Saturday, August 16, 2008

McCain's History with Georgia.

As could have been expected the topic has spilled over to the US presidential campaign.
McCain’s response has been less that subtle:

"I told him that I know I speak for every American when I said to him, today, we
are all Georgians," McCain said to loud applause. (CBS)

On Tuesday, he called Russia an unrepentant combatant against a "brave little nation" and compared Russian "killing" in the "tiny little democracy" to Soviet aggression during the Cold War era.
"We've seen this movie before in Prague and Budapest," McCain said on
Fox News. (Wash Post)

Then I found out this:

John McCain's top foreign-policy adviser, Randy Scheunemann, is a leading expert on U.S.-allied Georgia -- and was a paid lobbyist for the former Soviet republic(i.e. Georgia) until March.
(.../...)
Until May, Scheunemann was lobbying for Georgia - earning more than $800,000 in the process - yet now in August, he's advising McCain on the conflict between Georgia and Russia. Scheunemann's other notable lobbying stints include putting his McCain ties to use in 2006 advising Greenberg Traurig, Jack Abramoff's former firm, as McCain served as chairman of the Senate Committee on Indian Affairs, charged with investigating Abramoff. (Fox Business)

If nothing else, this ought to raise suspicion in McCain's motivations for backing up Georgia so bluntly.

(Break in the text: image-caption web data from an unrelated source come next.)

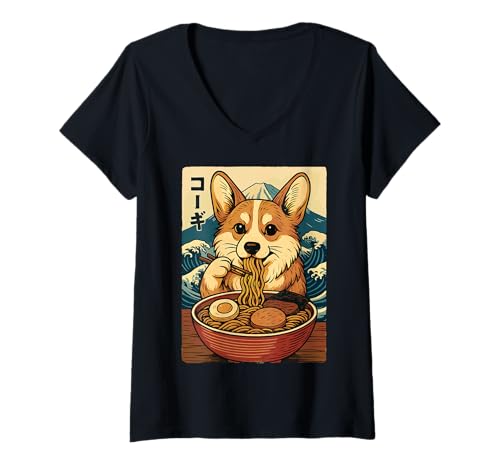 Damen Corgi Isst Ramen T-Shirt mit V-Ausschnitt Damen Corgi Isst Ramen T-Shirt mit V-Ausschnitt von Japanisch Nudeln Anime Walisischer Corgi Jahrgang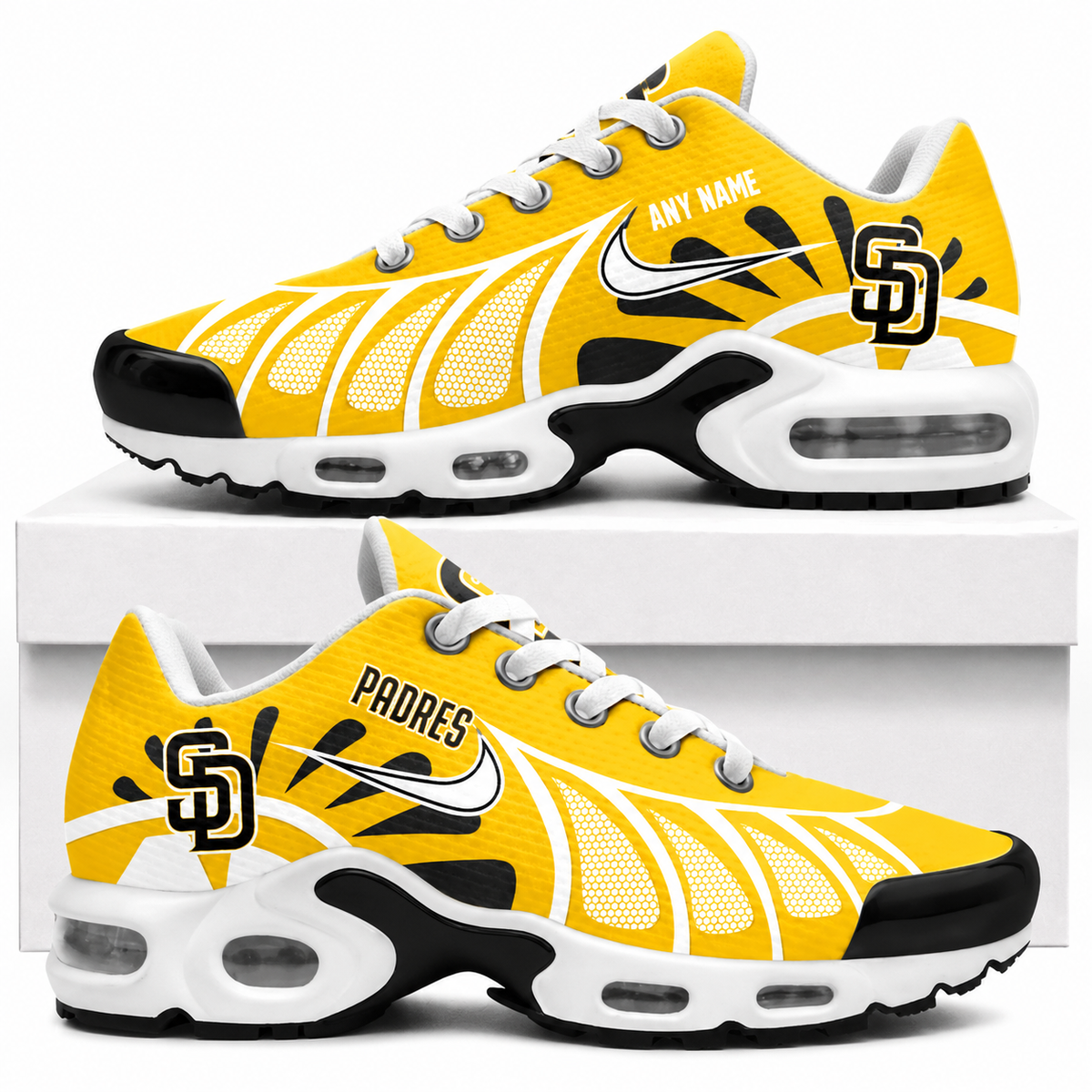 [HOMERUN DEAL] NEW CUSTOMIZED  MLB18 SDP SAN DIEGO PADRES AIR MAX PLUS SNEAKERS
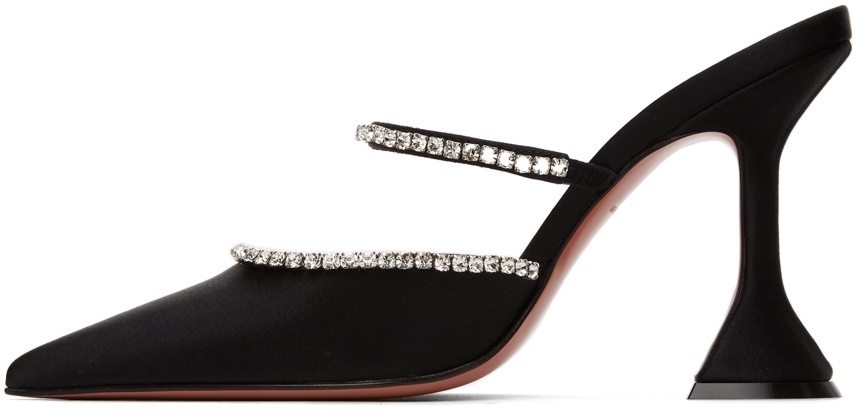 Shop Amina Muaddi Logo Pointed Heels In Black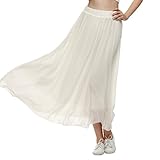 Rock in Maxilänge, weit schwingender Saum, Bequemes Gummizugbündchen,Transparenter Chiffon, ganz mit Satin gefüttert.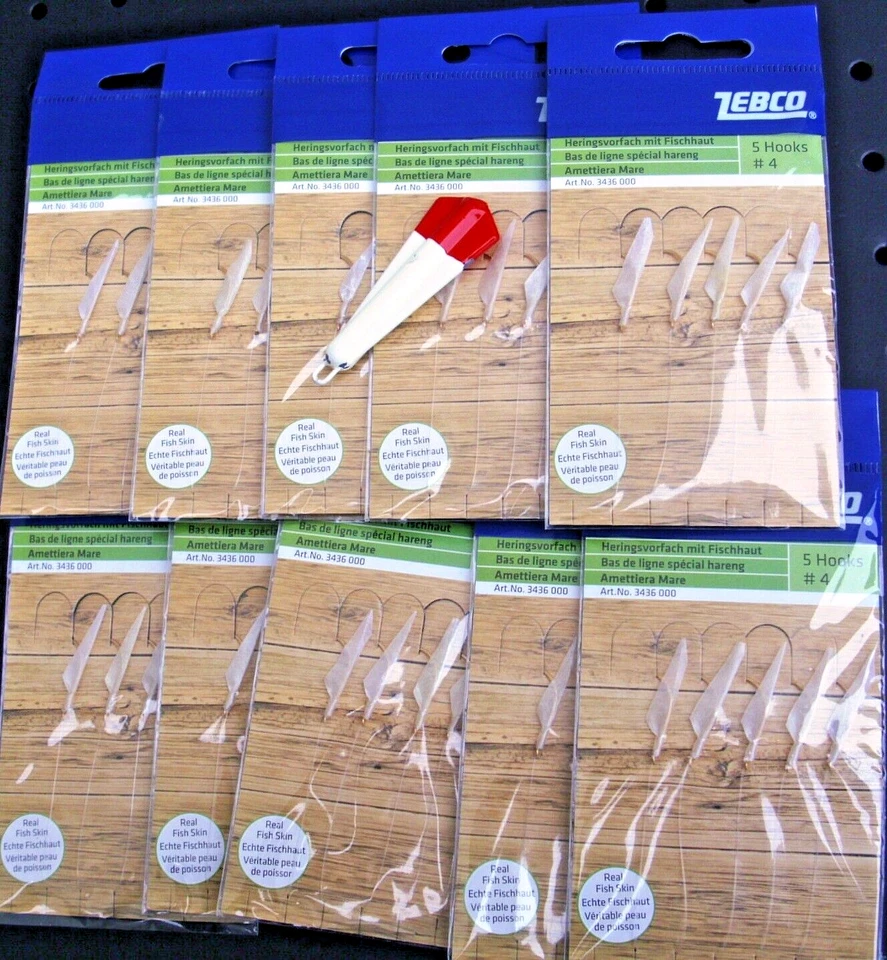 10 Zebco Heringsvorfächer Paternoster Heringsvorfach H-Gr. 4 + 1 Heringsblei 40g - Bild 1 von 1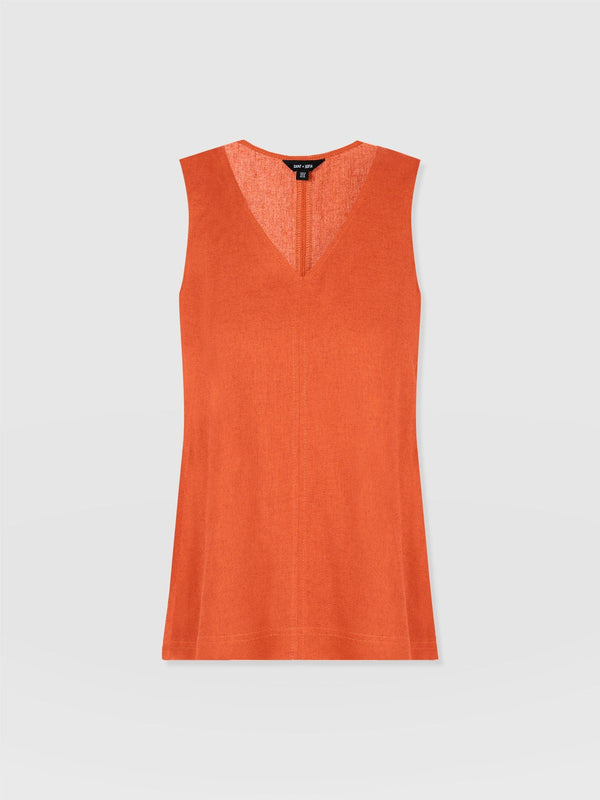 Corinne V Neck Tunic - Burnt Orange - Women's T-shirts | Saint + Sofia® EU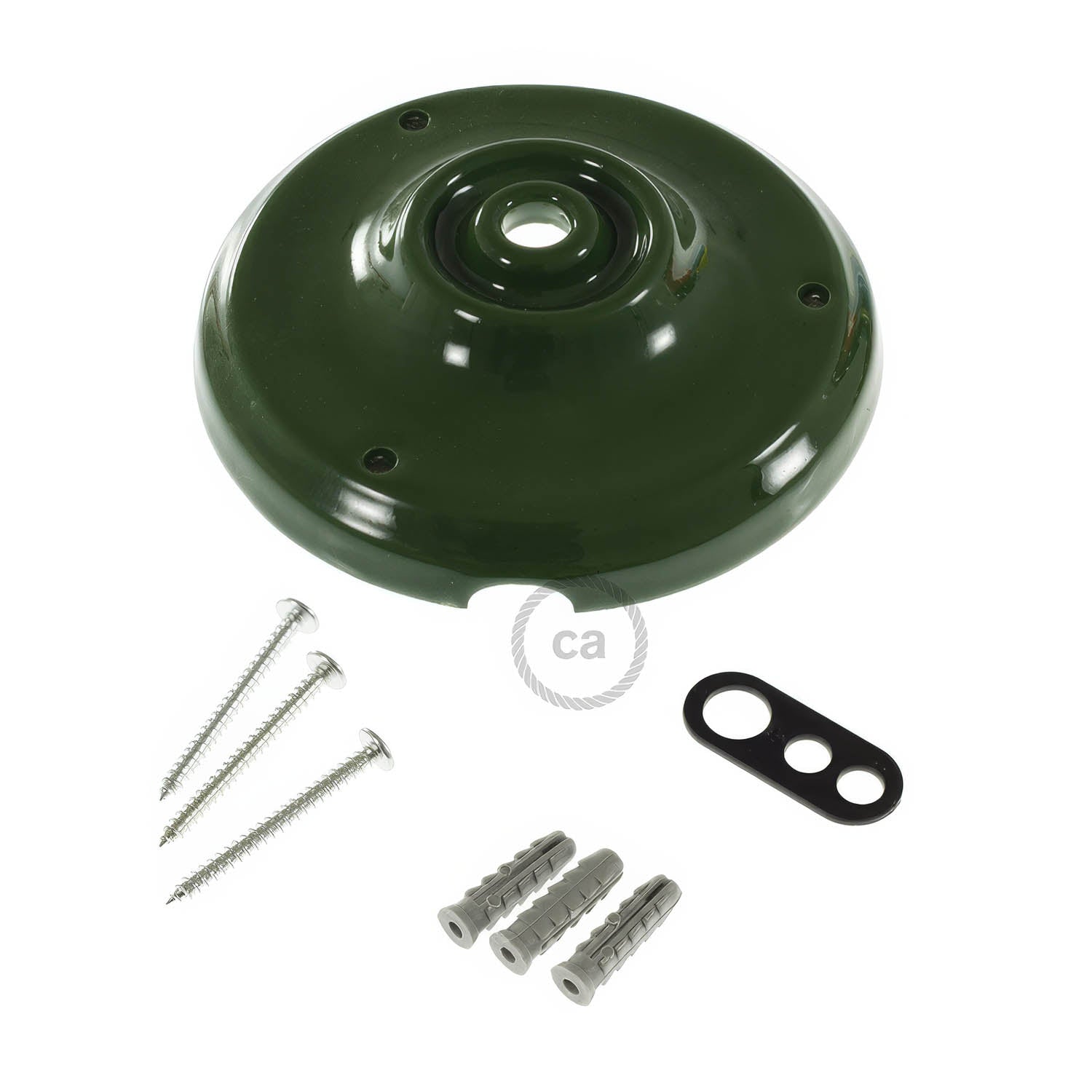 Kit rosone in porcellana - Verde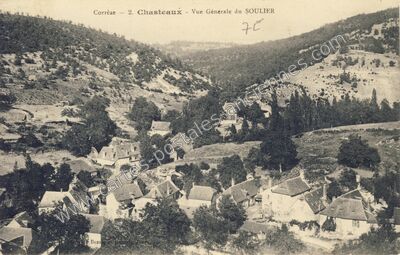 Carte postale ancienne Vue Générale du SOULIER — Chasteaux (Corrèze)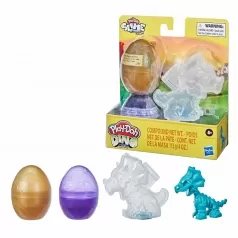 play-doh slime dino crew - slime marrone viola con formina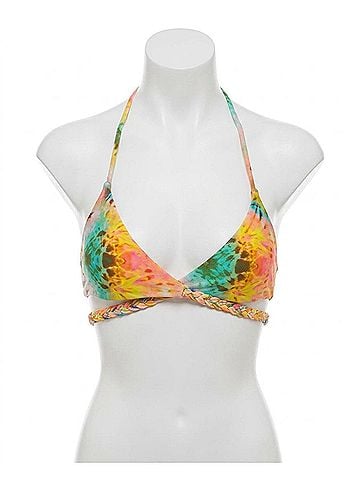 Luli Fama Reversible Wrap Halter Bikini Top in Sol (view 1)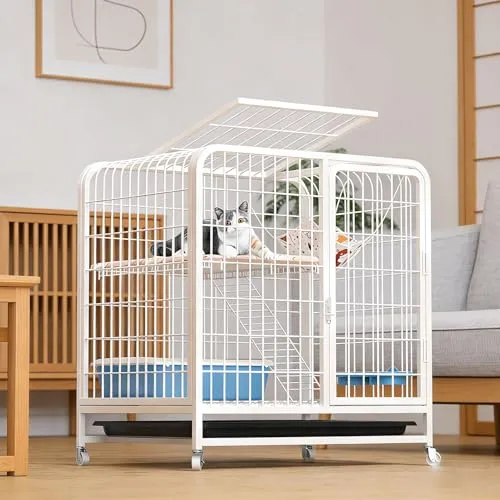 JTKXM 猫 ケージ 猫用ゲージ ペット ケージ 可動式 猫ハウス 脱走防止 移動便利 簡単組立 頑丈設計 人気 頂部置物 留守番 保護 多頭飼い猫 脱走防止 頑丈鉄網 広々空間 キャスター付き 取り外し可能なペット用品 室内用 室内 旅行用 2段 3段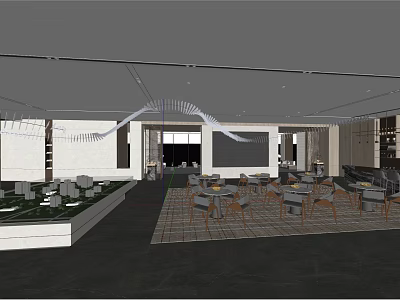 Modern Sales Office Interior Design With Tables Chairs Large Windows And Ceiling Decorations 3d model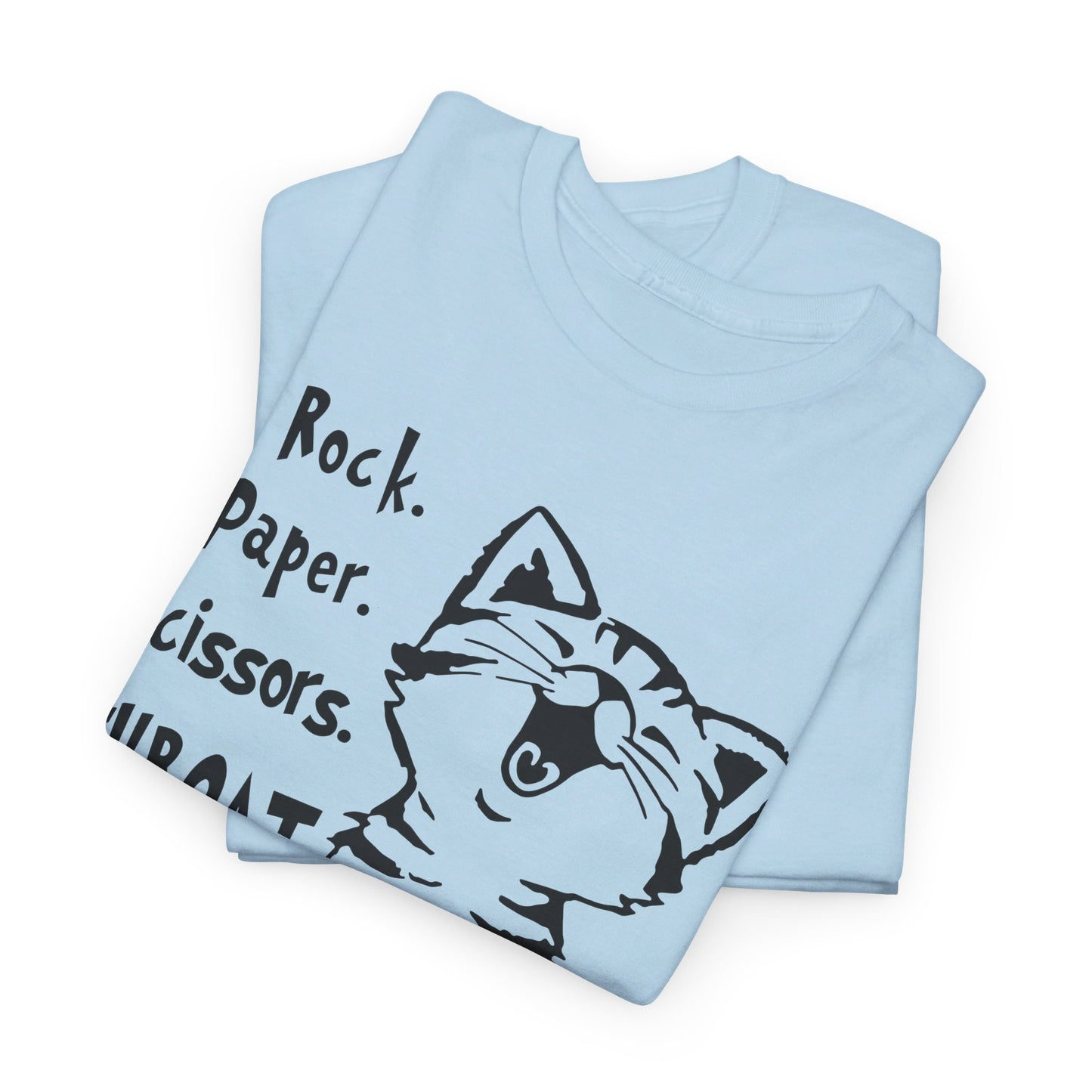 Rock paper scissors throat punch I win cat Shirt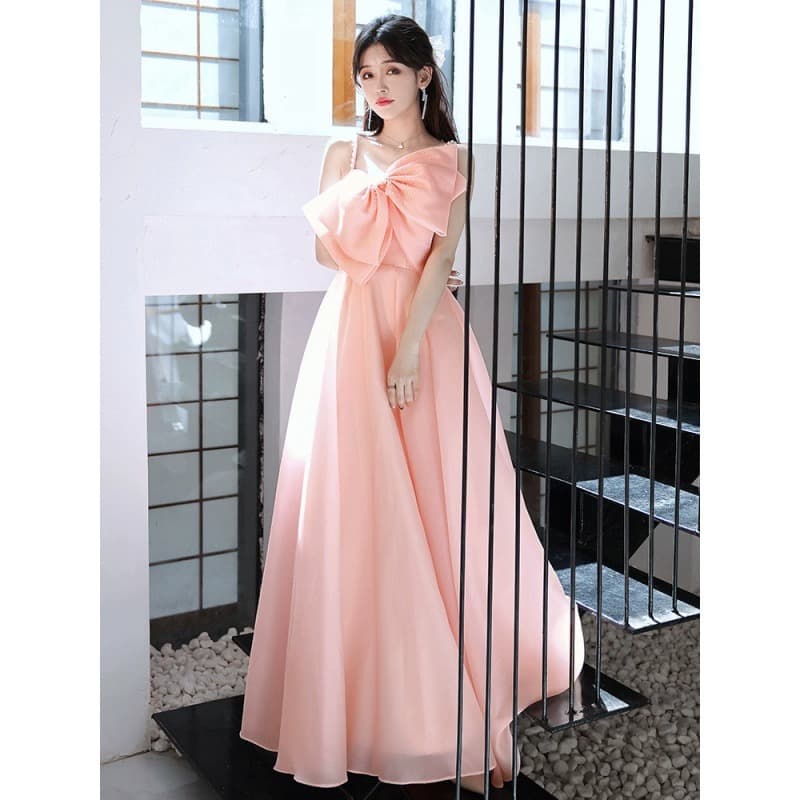 Pink suspender evening dress for women 2026 new engagement fugitive princess toasting bride simple bow dress
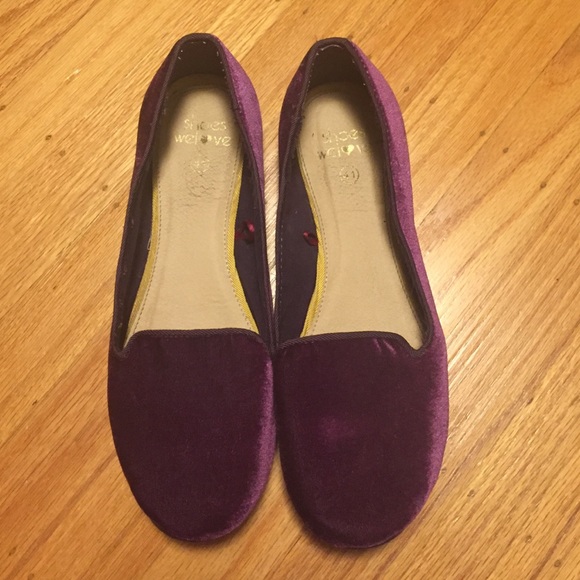 Purple Velvet Flat Loafers- size 9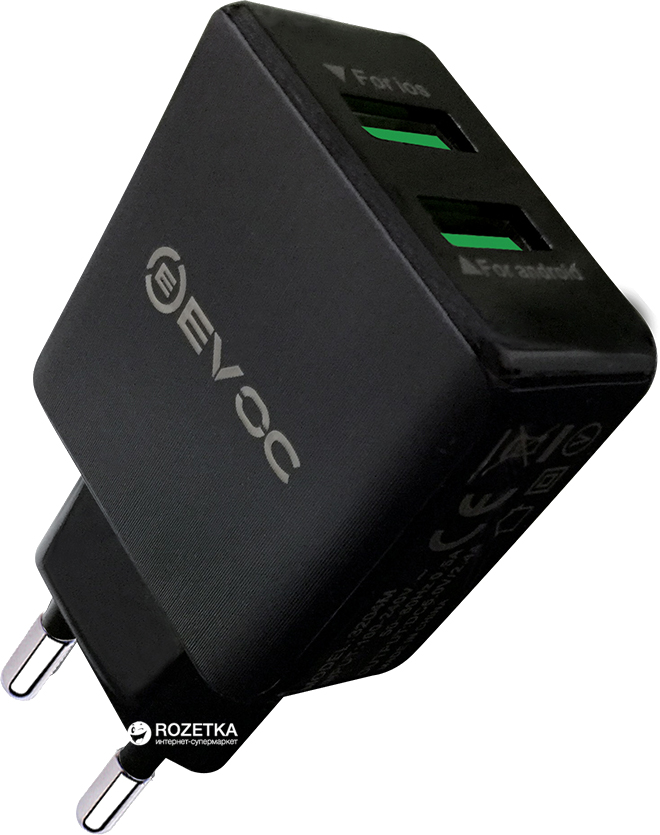 

Сетевое зарядное устройство Evoc 2USB Smart Charger 2.4A Черное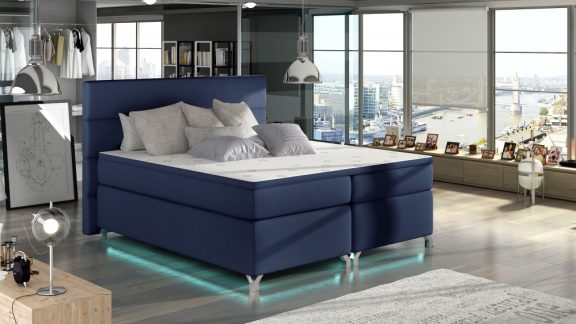 Amadeo 180x200 boxspring ágy matraccal sötétkék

But there is more ... and better yet:
The crisis puts a spotlight on Mr. Scheunemann, 48 years old, who has long been a leading neoconservative voice in the American foreign-policy debate. He played a prominent role advocating for toppling Saddam Hussein, serving in 2002 as executive director of the Committee for the Liberation of Iraq. At a key moment before the war, he helped to line up allies in "New Europe" -- notably former Soviet bloc states like Latvia -- to write a letter in support of the invasion.
That came as "Old Europe" American allies like France and Germany resisted.
Mr. Schueneman has made a career in lobbying for countries, including Georgia, that aspire to join the North Atlantic Treaty Organization.
Russia's objections to expansion of the Western military alliance are a factor in the current assault in the Caucasus. (Wall Street Journal)
Some adviser indeed!!!
PS: Any resemblance to a current administration is purely coincidental, of course!